Event interceptors are created by implementing the EventInterceptor interface. The interface is defined using generics and allows you to subscribe to events by specifying the generic type of the event as a type parameter. The inherited onEvent method provides the ability to perform any necessary processing upon receiving an event. For details on the EventInterceptor API, see Java API Reference for Oracle Coherence. The following example demonstrates subscribing to all transfer events and is taken from Example 27-1:

public class RedistributionInterceptor
   implements EventInterceptor<TransferEvent>

   public void onEvent(TransferEvent event)
   {
      ...

The @Interceptor annotation can be used to further restrict the events to specific event types and also provides further configuration of the interceptor.
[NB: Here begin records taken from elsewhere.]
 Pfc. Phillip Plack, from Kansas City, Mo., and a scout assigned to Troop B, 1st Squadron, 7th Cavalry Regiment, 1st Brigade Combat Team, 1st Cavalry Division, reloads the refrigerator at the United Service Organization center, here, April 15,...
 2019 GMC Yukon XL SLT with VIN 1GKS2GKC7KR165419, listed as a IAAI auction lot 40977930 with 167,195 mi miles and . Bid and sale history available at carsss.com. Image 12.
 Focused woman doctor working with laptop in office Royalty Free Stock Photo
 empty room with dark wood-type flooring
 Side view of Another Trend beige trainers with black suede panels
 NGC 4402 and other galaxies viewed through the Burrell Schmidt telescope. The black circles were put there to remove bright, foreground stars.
The following example defines an interceptor identifier and restricts the events to only transfer DEPARTING events:

@Interceptor(identifier = "redist", transferEvents = TransferEvent.Type.DEPARTING)
public class RedistributionInterceptor
   implements EventInterceptor<TransferEvent>

   public void onEvent(TransferEvent event)
   {
      ...

The @Interceptor annotation includes the following attributes:

  • identifier – Specifies a unique identifier for the interceptor. The identifier can be overridden when registering an interceptor class in the cache configuration file. This attribute is optional. A unique name is automatically generated by the event infrastructure if the attribute is omitted.
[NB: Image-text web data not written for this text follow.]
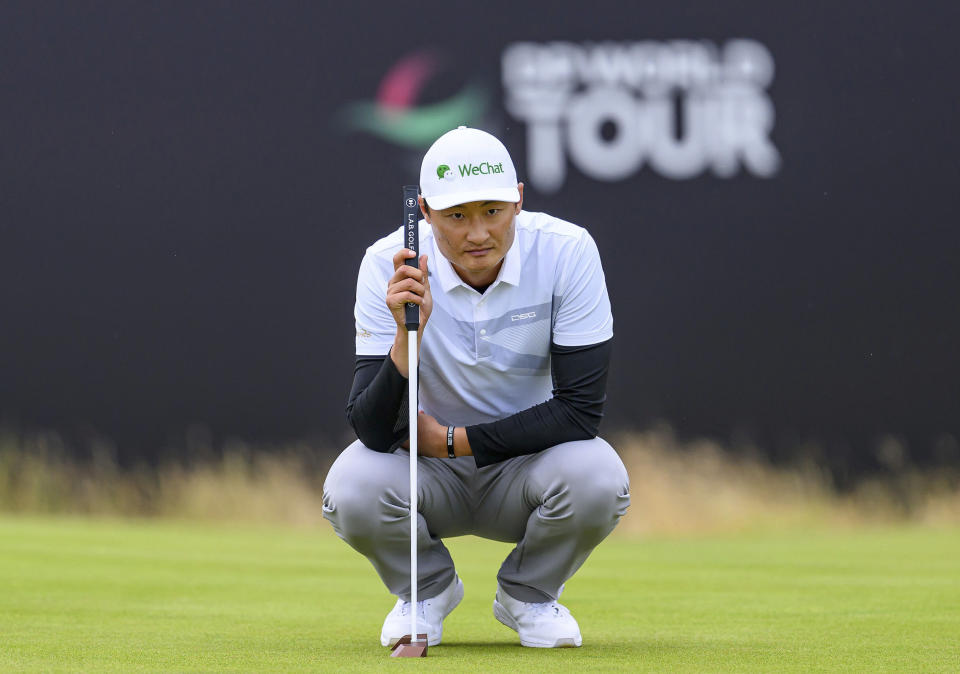 China's Haotong Li on the 18th green on day one of the Scottish Open at The Renaissance Club, North Berwick, Scotland, Thursday July 11, 2024. (Malcolm Mackenzie/PA via AP)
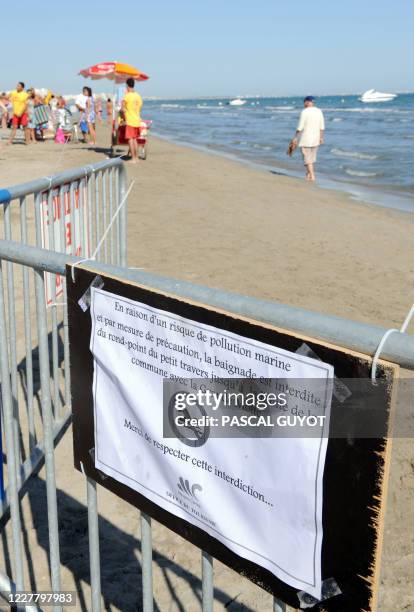 Des personnes se promènent sur une plage située entre la Grande Motte et Carnon, le 06 août 2008, où la baignade a été interdite en raison du rejet...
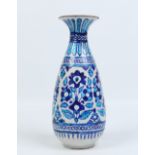 An antique middle Eastern glazed earthenware vase in Iznik style. Decorated in tones of blue with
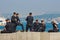 Group of young turkish policeman officers in stylish police uniform have a rest on the Bosphorus blurred background.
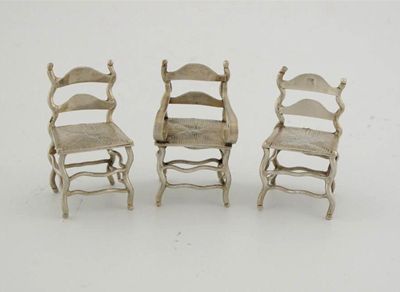 Appraisal: A pair of ladder back chairs with imitation rush seats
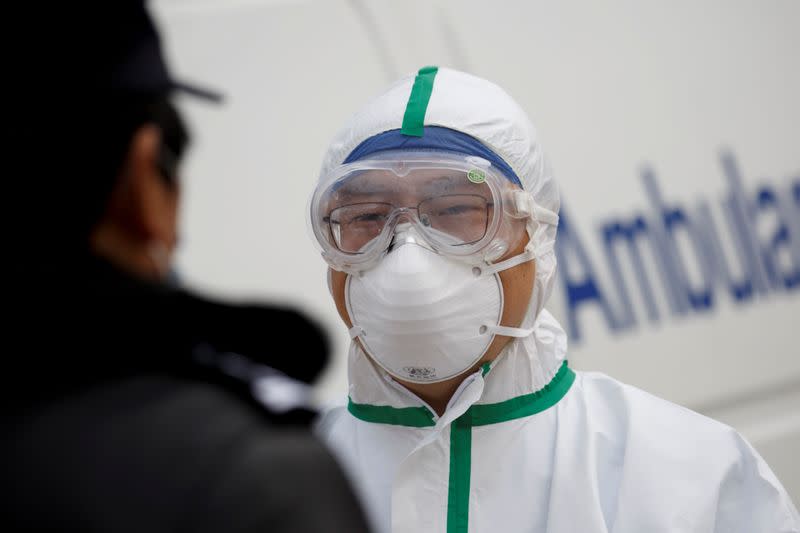 FILE PHOTO: A hospital staff member in protective garments talks to a police officer at a checkpoint to the Hubei province exclusion zone at the Jiujiang Yangtze River Bridge in Jiujiang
  • entryEvents – Specifies an array of entry event types to which the interceptor wants to subscribe.

  • entryProcessorEvents – Specifies an array of entry processor event types to which the interceptor wants to subscribe.

  • transferEvents – Specifies an array of transfer event types to which the interceptor wants to subscribe.
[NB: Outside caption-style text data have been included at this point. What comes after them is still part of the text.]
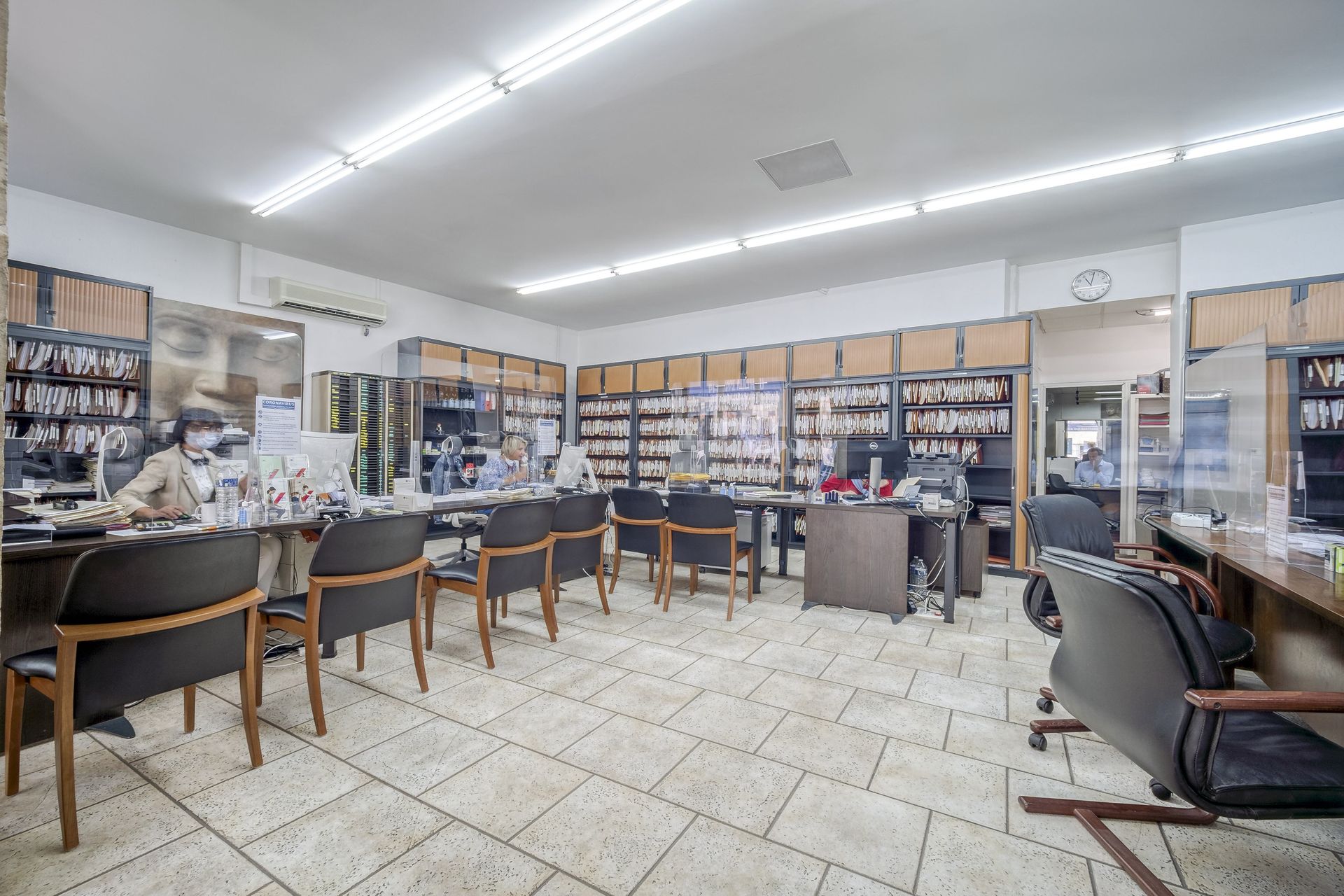 Intérieur de l'agence avec étagères de documents, bureaux et sièges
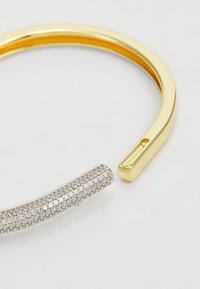 Aukso ir sidabro bangle apyrankė, turinti lygią auksinę dalį ir tekstūruotą sidabrinę dalį, puošiančią žibančiomis akmenimis.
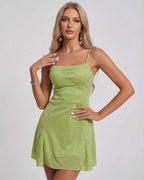 Ivy Mini Dress by Lauven in shimmering light green fabric with A-line silhouette and square neckline.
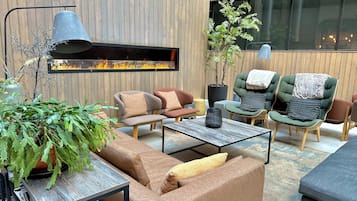Un salón moderno con chimenea, asientos cómodos y un ventanal grande.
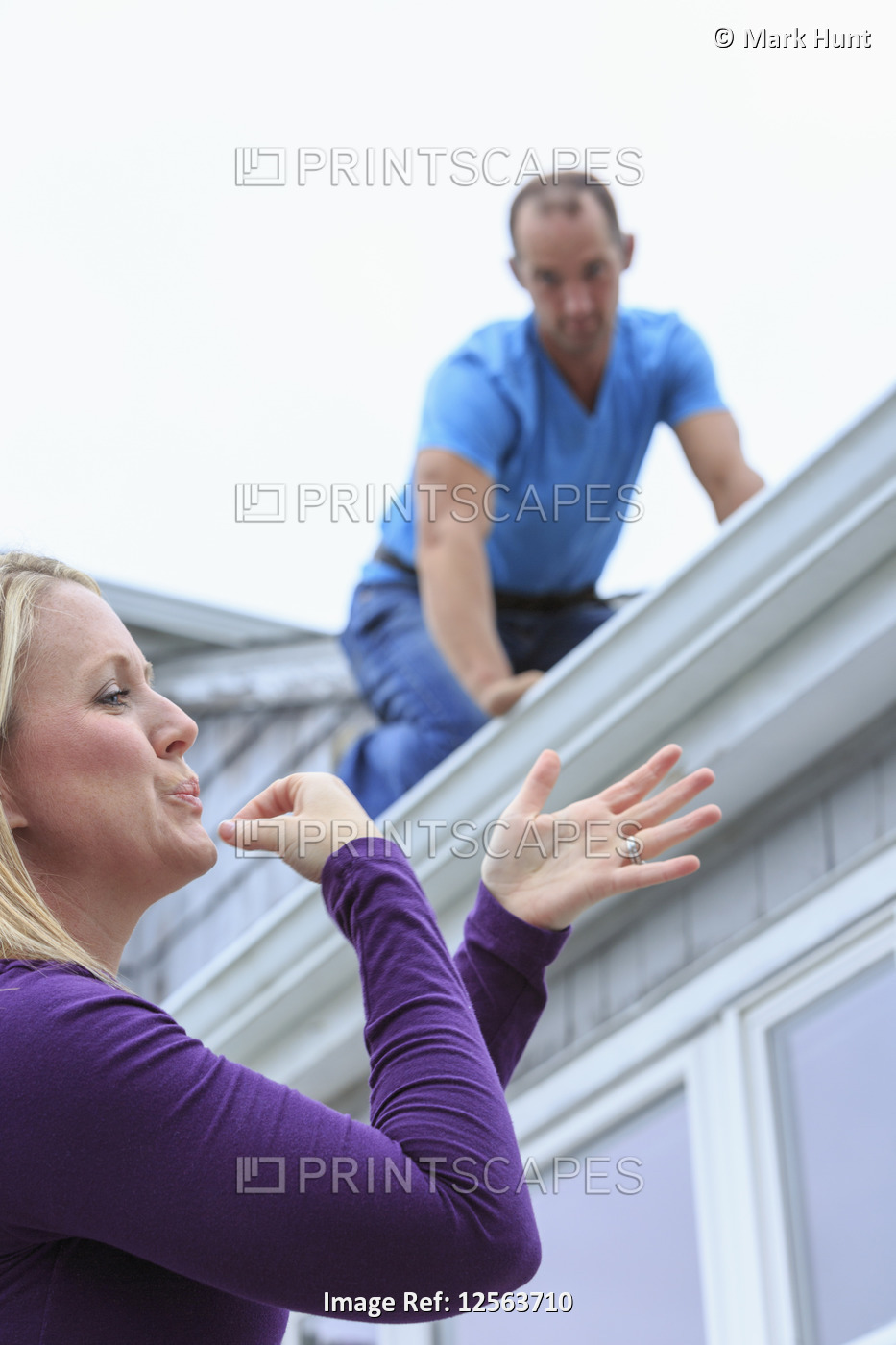 Homeowner and roofer communicating in American Sign Language about 'Soon'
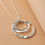 Thumbnail: lange zilveren ketting met grote minimalistische  ronde hanger van world's finest close up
  • transactionEvents – Specifies an array of transaction event types to which the interceptor wants to subscribe.

  • order – Specifies whether the interceptor is placed at the front of a chain of interceptors. See "Chaining Event Interceptors". The legal values are LOW and HIGH. A value of HIGH indicates that the interceptor is placed at the front of the chain of interceptors. A value of LOW indicates no order preference. The default value is LOW. The order can be overridden when registering an interceptor class in the cache configuration file.

The following example demonstrates a basic event interceptor implementation that subscribes to all transfer event types (both DEPARTING and ARRIVED). The onEvent method simply logs the events to show partition activity. The example is part of the Coherence examples.

Note:

Event instances are immutable and their lifecycle is controlled by the underlying system. References to event classes must not be held across multiple invocations of the onEvent() method.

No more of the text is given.